Recently a friend of mine said that she had searched for a specific pair of shoes online, added them to the shopping cart of a website, and then decided to hold off on the purchase. For the next few days, she saw ads for that specific pair of shoes on numerous websites as she surfed across the web. She didn’t find this targeting of a relevant ad to be useful or “less annoying” than non-targeted ads. She found it creepy.

When I talk to people in our industry about the issues surrounding privacy and targeting, they frequently fall back on the defensive leg of providing consumers with more relevant advertising. They say that that once ads are more relevant, consumers will resent advertising less — that they might even like it. I’ve used these arguments myself in the past. The reality is that consumers would benefit from more relevant ads and might resent advertising less if the content of those ads matched better against their interests. But when we make them feel like someone is watching over their shoulders as they do things online, make no mistake — they resent it.

The example of Amazon.com comes up frequently in conversations around our industry. Amazon inherently shows products that match the kinds of things you’ve shopped for or purchased in the past. And often I’ve heard examples like, “When I go into a store and the shopkeeper recognizes me and makes a recommendation for me, I like it, and I begin to frequent this store more often because of the personalized service.”

But the reality is that this is a direct relationship that the consumer has with a specific merchant. It’s a one-on-one relationship that gives specific benefit and that has a clearly understood set of relationship rules. One colleague recently described behavioral targeting like this: “It’s like you are shopping in a store, and a guy in dark sunglasses and a trench coat is following you around and whispering into his watch. Then when you go into another store, he sidles up to the merchant and whispers in her ear that you were just shopping for negligee in another store down the street, and that you seem to prefer underwire cups.”

The reality of behavioral targeting is not far off from this example, and this seems to be missed by the marketing industry. Ultimately, consumers will decide what is and isn’t acceptable to them, and beware the marketing industry executives who believe they will make that decision on the consumer’s behalf. Now that people are relatively aware of the DR marketing practices in the traditional world, they are getting fed up with them in the online world, where they felt relatively anonymous and private.
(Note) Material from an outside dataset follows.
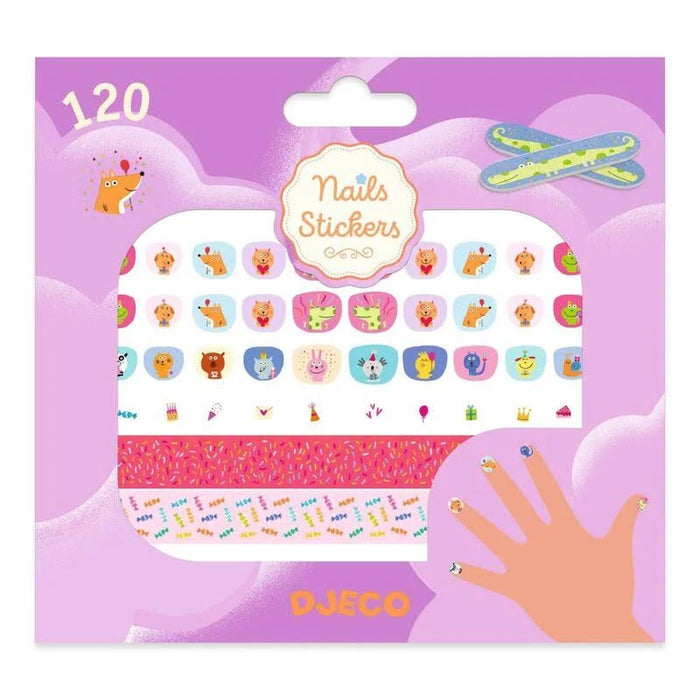 Djeco - Nail Stickers - Happy Birthday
Consumers recognize that Amazon.com might know a lot about their purchase and shopping behavior while on that particular website; however, they would likely feel very uncomfortable if that data were then sold on the open market without their explicit permission to any advertiser willing to pay for it. Politicians have become aware of this growing consumer resentment, meaning that legislation is likely not far behind.

The online advertising industry isn’t wholly clueless, and many have been trying to come up with new approaches that they feel are less antagonistic to consumers, while still providing value to advertisers. In future articles, I’ll be exploring some of the ways that companies are thinking about the problem and beginning to address the issues.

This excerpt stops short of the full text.